■ WHAT THIS TASK INVOLVES ■
The records are to be copied from the line that contains "this 1050×770 image." through their last line, word for word, with every picture left out.
═══ RECORDS TO PROCESS
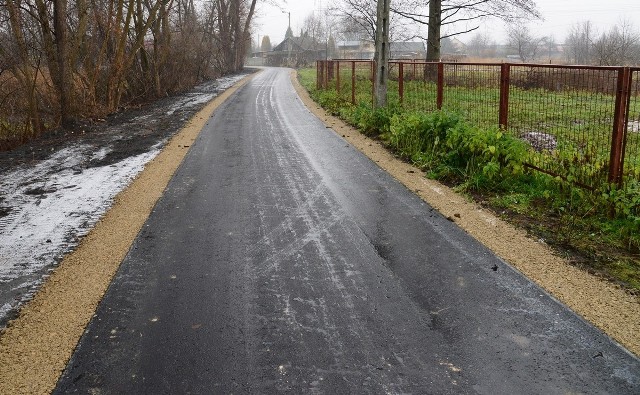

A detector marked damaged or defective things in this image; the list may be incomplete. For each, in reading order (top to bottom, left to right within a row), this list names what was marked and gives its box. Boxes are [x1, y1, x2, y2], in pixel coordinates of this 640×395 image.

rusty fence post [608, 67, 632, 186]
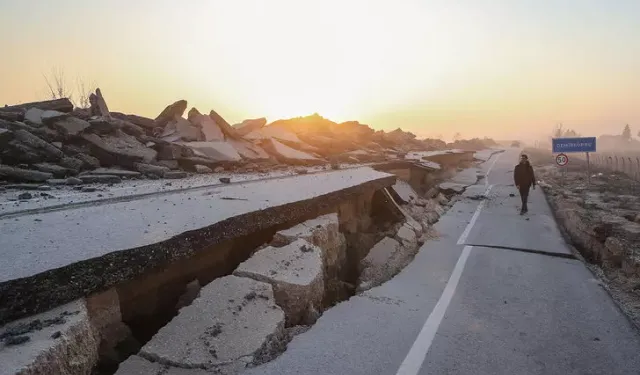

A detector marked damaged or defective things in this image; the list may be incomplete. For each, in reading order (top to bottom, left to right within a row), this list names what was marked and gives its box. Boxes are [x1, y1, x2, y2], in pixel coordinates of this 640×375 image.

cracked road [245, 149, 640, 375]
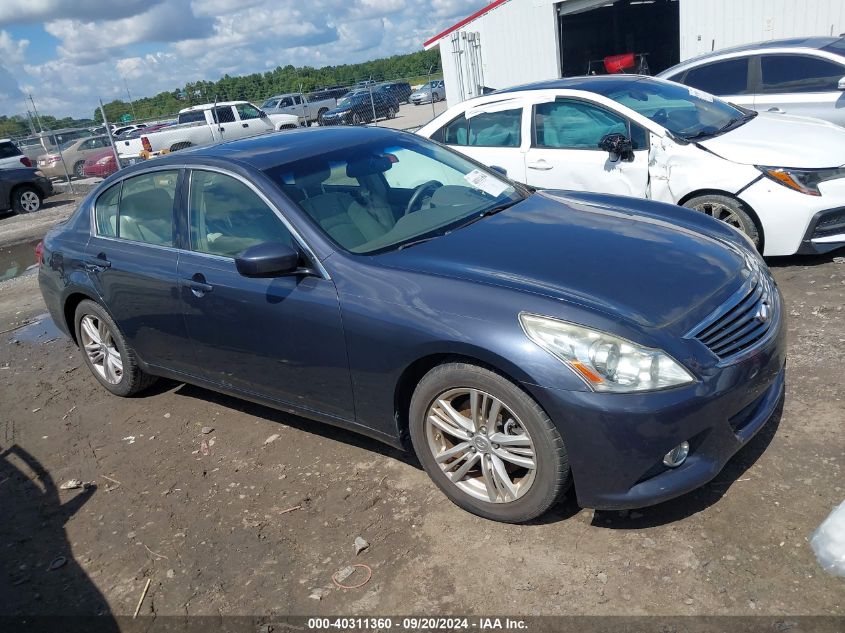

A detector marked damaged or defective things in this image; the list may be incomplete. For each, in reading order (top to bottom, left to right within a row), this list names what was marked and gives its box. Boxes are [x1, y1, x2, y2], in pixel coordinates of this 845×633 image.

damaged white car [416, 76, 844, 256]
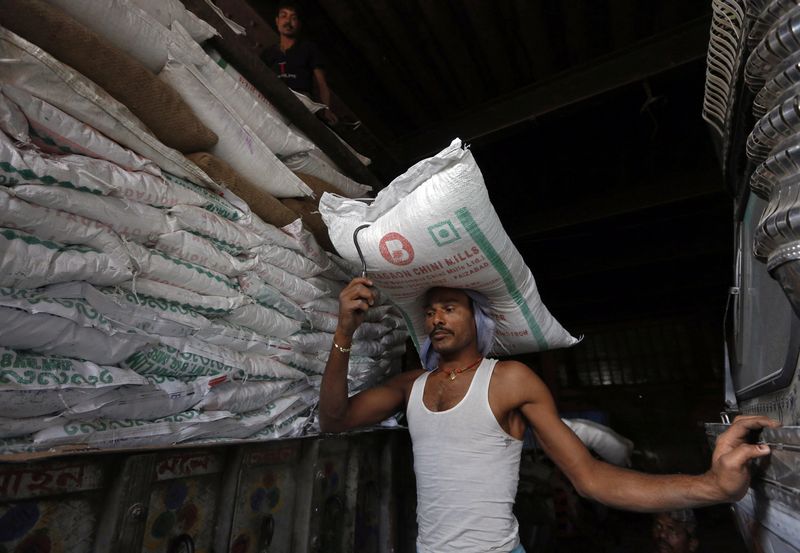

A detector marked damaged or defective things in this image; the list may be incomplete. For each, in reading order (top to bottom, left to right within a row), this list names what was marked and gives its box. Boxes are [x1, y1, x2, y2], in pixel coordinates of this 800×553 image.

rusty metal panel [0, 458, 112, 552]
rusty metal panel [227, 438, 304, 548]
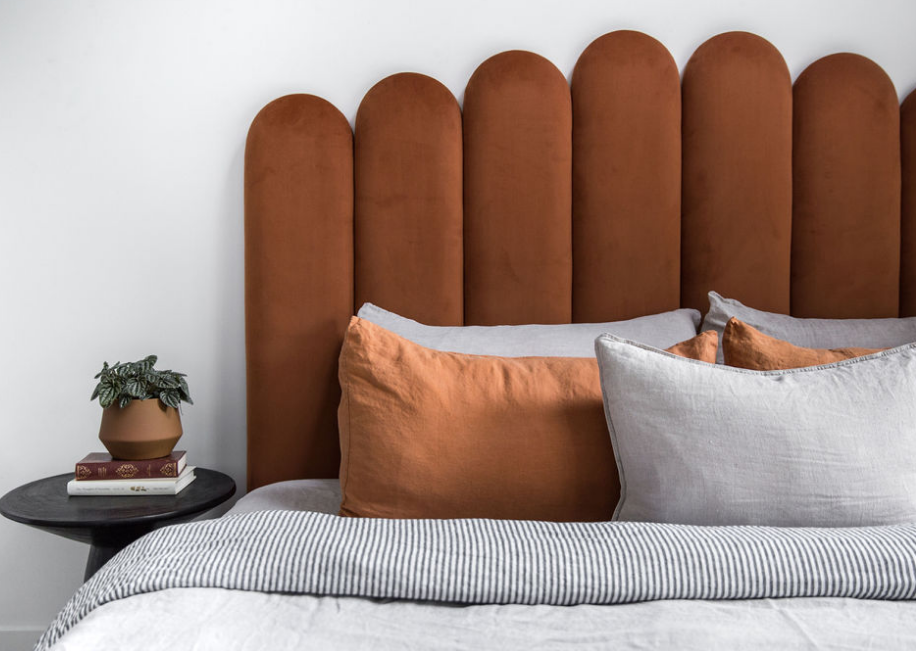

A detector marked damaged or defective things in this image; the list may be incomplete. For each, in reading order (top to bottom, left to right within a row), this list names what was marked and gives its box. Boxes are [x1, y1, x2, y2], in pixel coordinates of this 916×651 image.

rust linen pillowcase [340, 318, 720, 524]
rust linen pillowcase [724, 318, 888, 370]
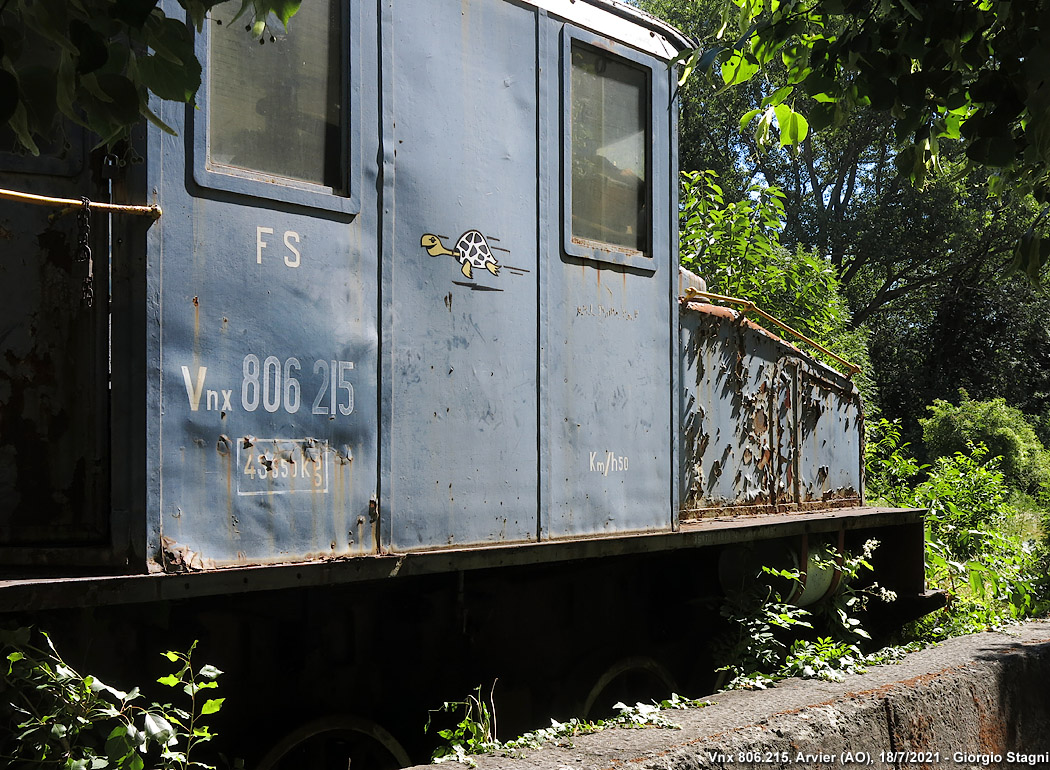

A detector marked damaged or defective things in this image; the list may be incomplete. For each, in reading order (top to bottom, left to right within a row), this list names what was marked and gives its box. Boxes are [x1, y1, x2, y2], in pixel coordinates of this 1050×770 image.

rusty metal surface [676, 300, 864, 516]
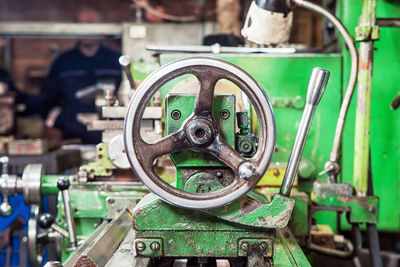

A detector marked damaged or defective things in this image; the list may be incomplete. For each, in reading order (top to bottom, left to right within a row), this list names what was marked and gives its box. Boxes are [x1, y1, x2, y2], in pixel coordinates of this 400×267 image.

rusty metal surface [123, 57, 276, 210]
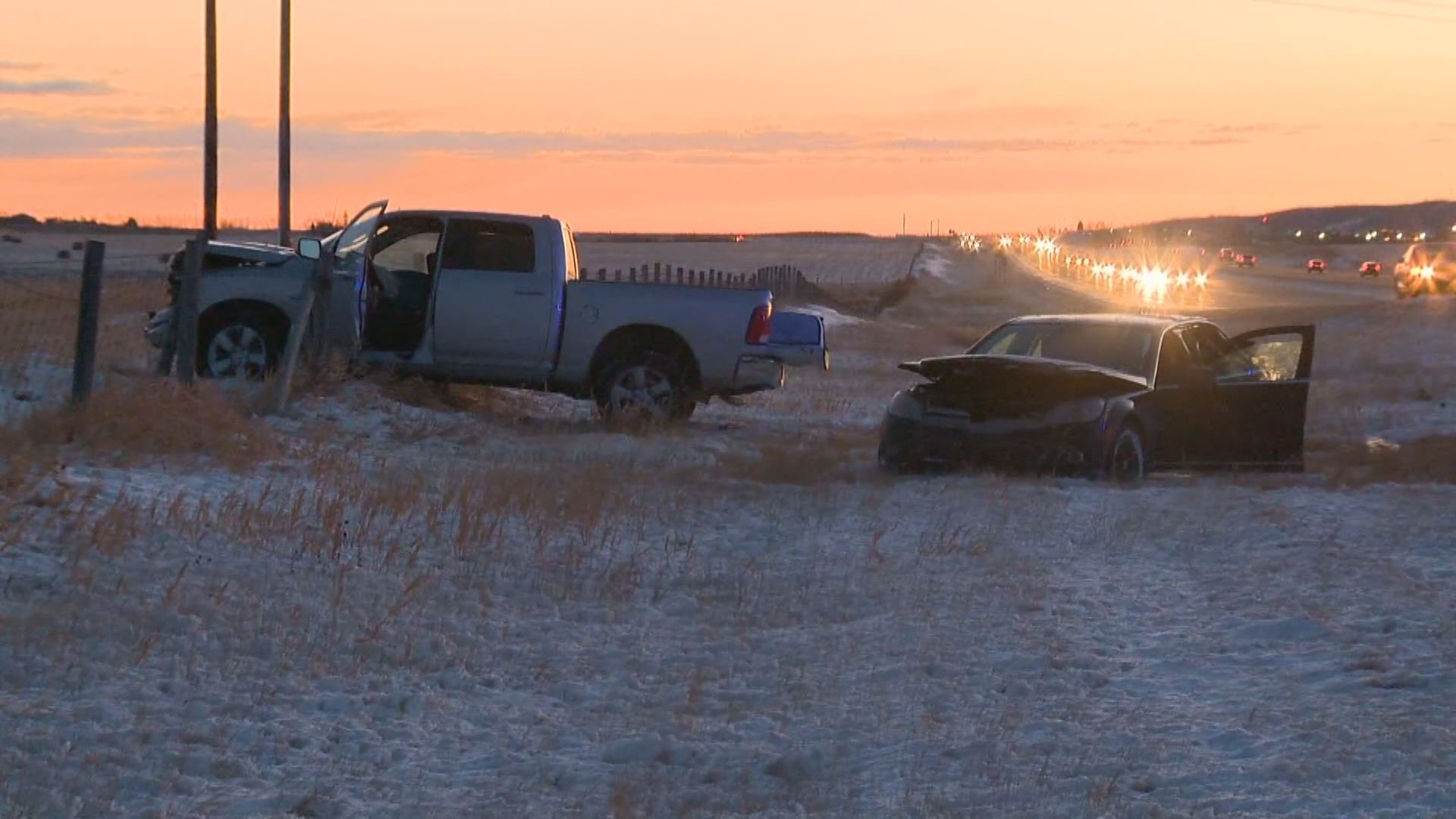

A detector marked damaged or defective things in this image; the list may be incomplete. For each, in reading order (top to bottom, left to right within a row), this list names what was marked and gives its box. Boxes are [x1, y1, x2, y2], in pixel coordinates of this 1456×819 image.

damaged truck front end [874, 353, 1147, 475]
══════
■ SOLUTION BELOW ■
A detector marked damaged or defective things in this image; the list may be incomplete. For each, in reading order (top to bottom, left to right within a row), this list names what was marked and gives its box. Boxes are [x1, y1, x2, y2], in pixel coordinates of this 1050×770 image.

rusty metal surface [676, 300, 864, 516]

A detector marked damaged or defective things in this image; the list may be incomplete. For each, in reading order (top to bottom, left to right within a row), this list names what was marked and gives its box. Boxes are [x1, y1, x2, y2], in pixel coordinates of this 400×267 image.

rusty metal surface [123, 57, 276, 210]

A detector marked damaged or defective things in this image; the list may be incomplete. For each, in reading order (top to bottom, left to right within a row), this list names what was marked and gives its box. Boxes are [x1, y1, x2, y2], in pixel coordinates of this 1456×819 image.

damaged truck front end [874, 353, 1147, 475]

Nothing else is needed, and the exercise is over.